本年度アカデミー賞助演女優賞受賞作。世界で初めて性別的号手術を受けた、実在のデンマーク男性の葛藤を主軸に、彼の妻との絆を描いた作品。主人公アイナー以上に、渾身の演技を見せた妻ゲルダ役のアリシア・ヴィキャンデルに、深々と心寄せて観てしまい、何度も込み上げるものがありました。監督はトム・フーパー。

1926年のデンマーク。風景画を得意とする画家のアイナー(エディ・レッドメイン)は、画商の高評価も相まって、飛ぶ鳥を落とす勢いです。人物画を描き続ける妻ゲルダ(アリシア・ヴィキャンデル)は、伸び悩み気味ですが、二人は仲の良い夫婦でした。ある事がきっかけで、ほんのお遊びのつもりで、パーティーに女装で出かけたアイナーは、それ以来眠っていた自分の女性性を抑える事が出来ず、以来リリーと名乗り、女装で過ごす時間が多くなります。

最初アイナーが自分の女性性に気付くのは、ゲルダがアイナーに絵のモデルを頼んだのがきっかけです。
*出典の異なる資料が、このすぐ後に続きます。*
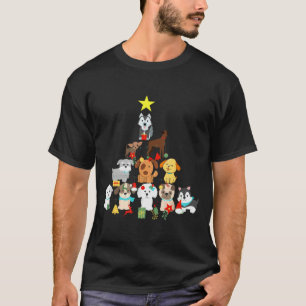 Weihnachts-Hund-Baum Süß Lustiger Welpe Hunde Xmas T-Shirt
白いチュチュを身に付けた時の、アイナーの驚きと胸の高鳴りを、エディはとても上手く表現しています。以降自分の肉体を嫌悪し、どんどん女性になりたい欲望を募らせるアイナー。最初の少女のような清楚さと恥じらいを見せていたアイナーは、段々と大人の女性の官能性を身にまとう、リリーへと変貌していきます。最初こそ可愛らしくもゴツゴツしていたエディですが、時間が経て行くと、本当の女性より綺麗に見えてくる。元々中性的な彼ですが、ゴツゴツも演技であったのでしょう、本当に素晴らしい。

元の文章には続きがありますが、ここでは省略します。